◆ **Work instructions**: Please reproduce the line containing "Copertina libro <b>Istituzione oratoria</b>" and every line after it in the records below, exactly and with nothing else.

Input records section start

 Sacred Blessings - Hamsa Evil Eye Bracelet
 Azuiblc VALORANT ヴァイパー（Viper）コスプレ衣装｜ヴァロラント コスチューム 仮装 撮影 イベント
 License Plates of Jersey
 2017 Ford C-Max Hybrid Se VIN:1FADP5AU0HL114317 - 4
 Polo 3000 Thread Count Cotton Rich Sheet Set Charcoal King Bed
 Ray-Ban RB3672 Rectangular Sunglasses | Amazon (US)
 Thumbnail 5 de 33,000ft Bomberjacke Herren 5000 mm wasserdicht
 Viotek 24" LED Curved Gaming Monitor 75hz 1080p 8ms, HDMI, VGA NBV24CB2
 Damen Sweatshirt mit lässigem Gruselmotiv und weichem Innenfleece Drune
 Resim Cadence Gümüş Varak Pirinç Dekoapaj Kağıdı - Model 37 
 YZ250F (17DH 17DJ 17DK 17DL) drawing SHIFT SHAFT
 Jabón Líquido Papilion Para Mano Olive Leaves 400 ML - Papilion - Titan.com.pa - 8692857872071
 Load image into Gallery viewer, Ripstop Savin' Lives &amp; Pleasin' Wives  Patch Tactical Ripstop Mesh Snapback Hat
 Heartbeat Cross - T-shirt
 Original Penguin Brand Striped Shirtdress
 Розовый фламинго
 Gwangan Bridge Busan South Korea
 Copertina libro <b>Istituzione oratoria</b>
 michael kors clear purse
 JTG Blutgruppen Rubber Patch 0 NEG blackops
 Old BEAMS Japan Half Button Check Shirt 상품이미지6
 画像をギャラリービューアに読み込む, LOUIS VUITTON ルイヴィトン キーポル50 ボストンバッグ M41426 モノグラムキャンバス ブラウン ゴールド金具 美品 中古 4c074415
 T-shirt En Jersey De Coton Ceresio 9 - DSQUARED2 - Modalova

Input records section end

◆ **Completed exercise**:
 Copertina libro <b>Istituzione oratoria</b>
 michael kors clear purse
 JTG Blutgruppen Rubber Patch 0 NEG blackops
 Old BEAMS Japan Half Button Check Shirt 상품이미지6
 画像をギャラリービューアに読み込む, LOUIS VUITTON ルイヴィトン キーポル50 ボストンバッグ M41426 モノグラムキャンバス ブラウン ゴールド金具 美品 中古 4c074415
 T-shirt En Jersey De Coton Ceresio 9 - DSQUARED2 - Modalova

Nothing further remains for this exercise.